Since the bye, six games, three at home and three on the road, we have had six total turnovers, one per game. And that was with four in one game (SD) and four games with zero. In those six games we are 4-2 and lost by 1 to Indy on the road and 3 to the best team in the league at home. In those six games, we have averaged a very low 4 penalties a game for a paltry 30.5 yards, and that includes 8-50 in the first game against the Pack which we won. That, in any sense, IMO, is disciplined football for the last six games. Half of the season.

We can throw numbers around all day and night and make them dance to the tunes of our choosing. All I know that as recently as the Houston game (when they eked out a win against one of the league's worst teams) I was still having issues with the coaching as we continued to see the Bills pissing away time-outs when they still can't get plays in on time. We continued to see Losman taking deep drops 10 full games into the season when 50 people on this board recognized in the first month that we don't have the OLine to pull that off, yet the Bills staff apparently couldn't see it until Marv had to kick them in the pants. Then when it's been obvious for weeks on end that the Bills need to get the TE's involved to help their young QB, they come up with crap like TE hitches? Is there a person on this planet that believes Robert Royal is going to make a corner miss? What the hell kind of an adjustment is that?!

As for the penalty issue I haven't looked at any numbers lately because it hasn't struck me as an issue lately. But the last time I looked was probably early November or so when I was wondering where the Bills offense ranked in penalties, and sure enough they were sitting near the top of the league.

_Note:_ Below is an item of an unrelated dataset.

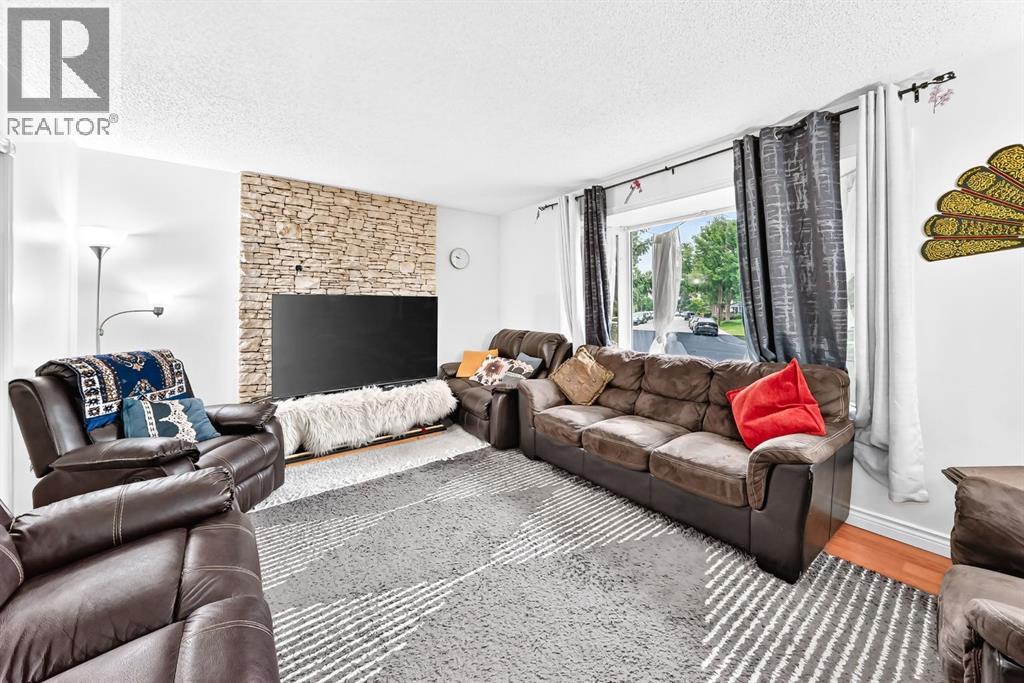 983 Rundlecairn Way NE photo 3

Basically imo the Jags and Jest game (I was outoftown for the SD game) were the first times that I saw a team on the field that wasn't being poorly coached in multiple facets of the game. I'm glad that we're finally seeing some improvement as the season progresses but talk of giving coach of the year awards to a guy leading a staff that spent nearly 3 months with their collective heads up their ass strikes me as nearing the heights of absurdity.

 

 

I will throw one thing out there that you seem to be discounting: they opened the season with a new staff and an exceptionally young team.

Much of the coaching ineffectiveness I'm referring to had absolutely nothing to do with personell. Simple stuff liking getting plays in on time, managing the clock, putting together sensible gameplans, etc. While I agree that they've improved over the last 3 games, all the bungling that went on prior to that is not easy to forget, nor am I convinced that it's not going to rear its ugly head again in the near future.